Our study is not without limitations. Our model like all complex SEIR models developed for COVID-19 is non-identifiable which means that it is likely that several solutions exist and we only present one of the most likely. This point is always overlooked but see Li et al . The major limitation is the use of the classical homogeneous mixing assumption in which all individuals are assumed to interact uniformly and ignores heterogeneity between groups by sex, age, geographical region. In all cases taking an age structure and mixing matrix appears insufficient and heterogeneity of contact is important (see ). However this kind of data is not easily available. Another weakness is perhaps the neglect of age-structure in the model to simulate age-based predictions as we enter the time of children returning to school. These weaknesses are however a future research development given the performance of the current model. Nevertheless in our opinion, these limitations are compensated for taking non-stationarity of this epidemic into account and by the fact that our results are mainly driven by hospital data, which is more accurate than the number of infected cases. Precise data from serological studies would significantly reduce the uncertainties of the model predictions [23–24].

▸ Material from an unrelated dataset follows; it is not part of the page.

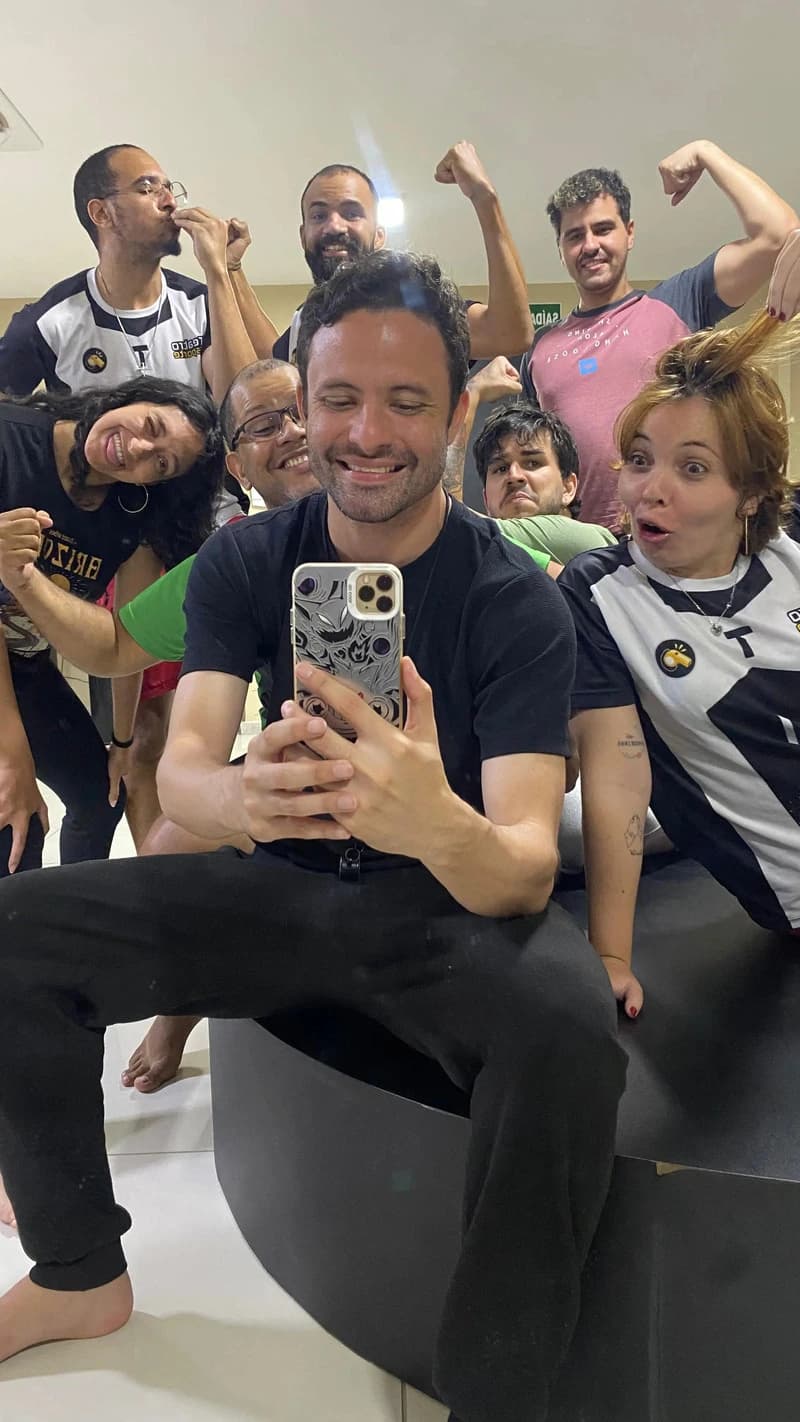 Adultos treinando improviso, com foco em expressão corporal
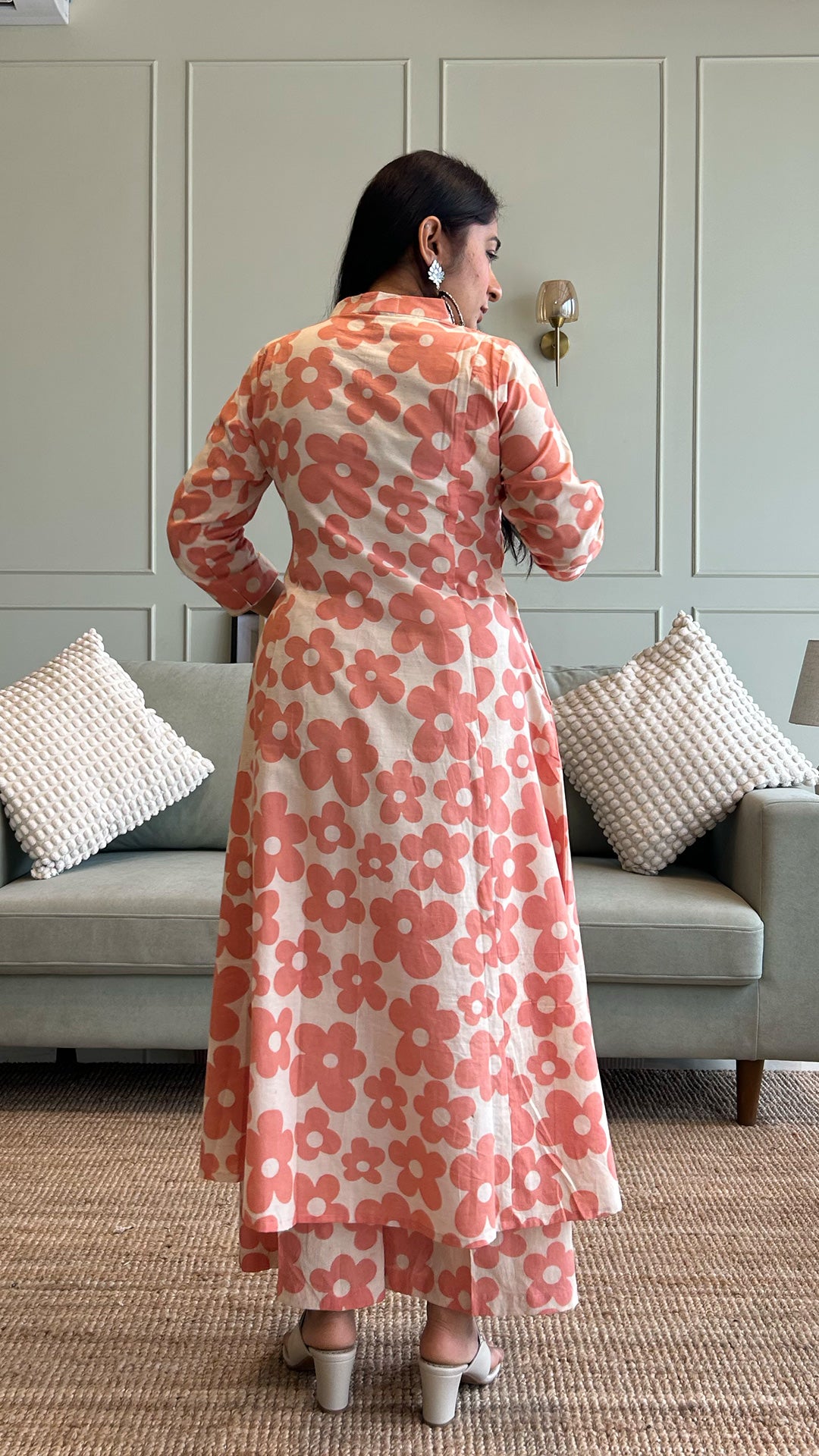 Kriva - Pink Floral Kali Kurta In Cotton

The key strength of the current Irish study is the fit of the model to the current observed data on hospitalizations, deaths and ICU cases. The first estimate of the asymptomatic cases predicted by this model is also reflecting the emerging data from the Irish serological prevalence study. We also found a reduction of transmissibility of the SARS-CoV-2 of 78%-82% that is in accordance with the results published on the effects of mitigation measures in Europe [25–26]. For example, Garchitorena et al  by comparing 24 non-pharmaceutical interventions found that the median decrease in viral transmission was 74%, which is enough to suppress the epidemic and that a partial implementation of different measures resulted in lower than average response efficiency. Our results also highlighted that the observed confirmed cases are only a small fraction of the total number of cases, only the tip of the iceberg (see . Then data from hospital system published by health authorities are crucial for understanding the course of this epidemic. These data are well measured, but are observed with a delay in relation to contamination. Nevertheless, these delays can be easily account for by mathematical models.